Working with R, I'm looking for ways to weight case (i.e., upper vs lower case) in a string_dist_left_join()
Here's a reproducible example:
library(tidyverse)
library(fuzzyjoin)
tibble1 <- tibble(words = c("Bedford", "Maidenhead", "New Forest", "Tier 3", "Citizenship", "Crown"))
tibble2 <- tibble(words = c("bedfords", "bedsford", "BEDFord", "Maidenshead", "Maidenhed", "News forest", "Tier 3", "Citisenships", "crowned", "crows"))
osa <- stringdist_left_join(tibble1, tibble2, distance_col = "distance", max_dist = 5, method = "osa", weight = c(d = 0.1, i = 0.1, s = 1, t = 1))
Above is the code to reproduce a fuzzyjoin powered stringsidt_left_join on a couple of tibbles. The output looks like this:
# A tibble: 55 x 3
words.x words.y distance
<chr> <chr> <dbl>
1 Bedford bedfords 0.3
2 Bedford bedsford 0.3
3 Bedford BEDFord 0.6
4 Bedford Maidenshead 1.4
5 Bedford Maidenhed 1.2
6 Bedford News forest 1.00
7 Bedford Tier 3 0.900
8 Bedford Citisenships 1.7
9 Bedford crowned 1.00
10 Bedford crows 1.00
# … with 45 more rows
What I'd like is for some way to weight the capitalisation e.g., comparing Bedford to BEDford: I'd like that to be a worse match than Bedford to Bedford, but better than Bedford to Bedsford. The option ignore_case = TRUE
treats BEDford as a perfect match with Bedford.
I'm liking the fuzzyjoin package, and I just discovered the custom weightings that you can pass to stringdist for each of deletion, insertion, substitution, and translocation. Which is fantastic; toys to play with, parameters to tune.
What I'd also like to be able to do is tune the case (capitalisation?) matching.
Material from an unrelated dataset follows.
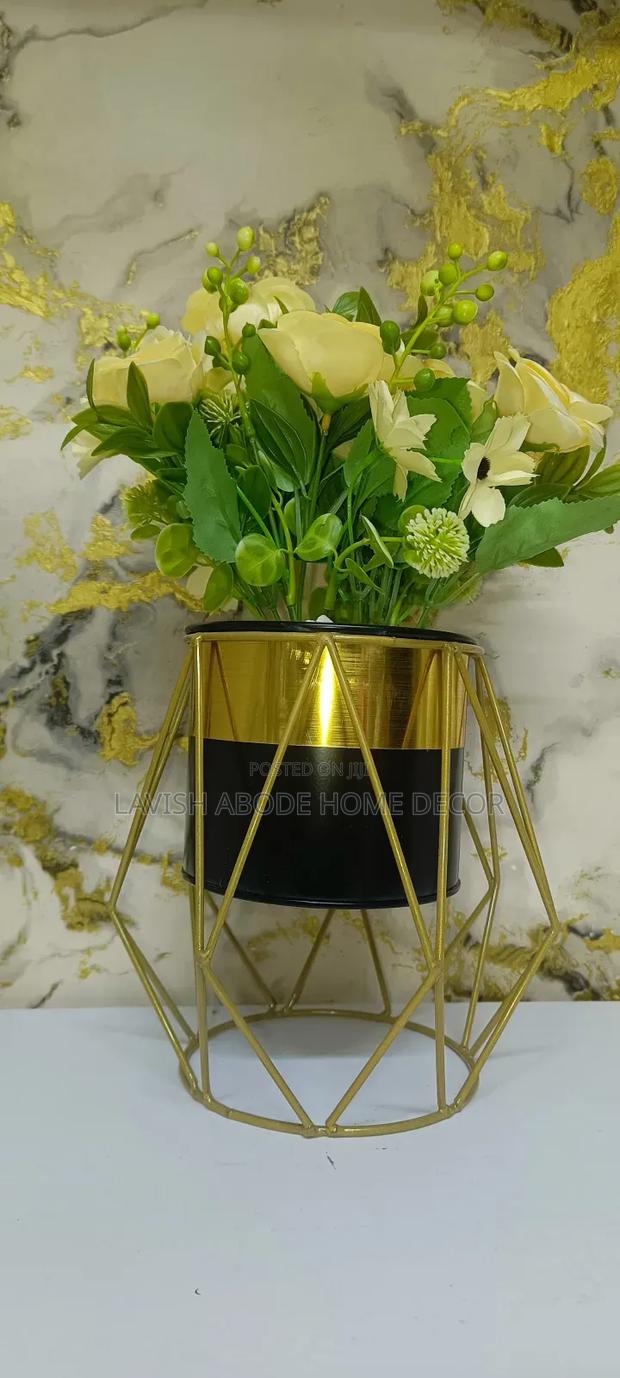 Nordic Black Vase With Flowers - thumbnail 4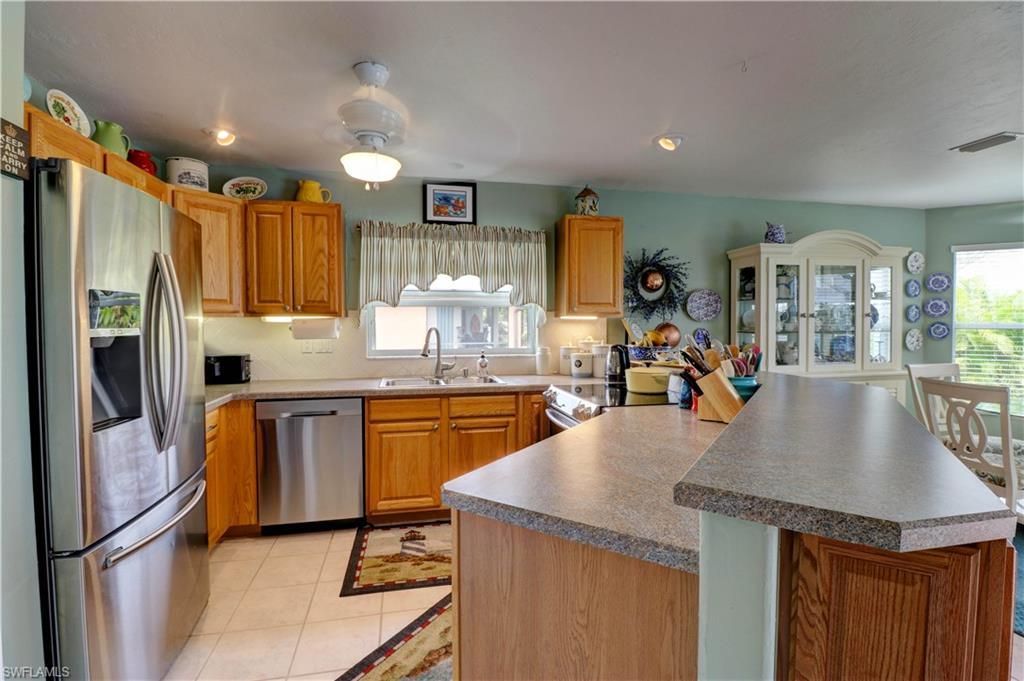 2019 SW 43rd Ter, Cape Coral, FL 33914 Photo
I've got the option to ignore_case = TRUE
in stringdist_left_join, (in effect, weight case as 0 or 1), but being the annoying cur that I am, I'd like to play around with weightings between 0 and 1.
Does anyone know if there's an option somewhere that I'm missing?
Or is the answer: Do it the hard way? I guess there might be a long way round involving comparing the distances before and after having run tolower()
or computing a weighted distance comparing ignore_case = TRUE
with ignore_case = FALSE
, but does anyone know of a more elegant method or package that I can use to do that?
Thanks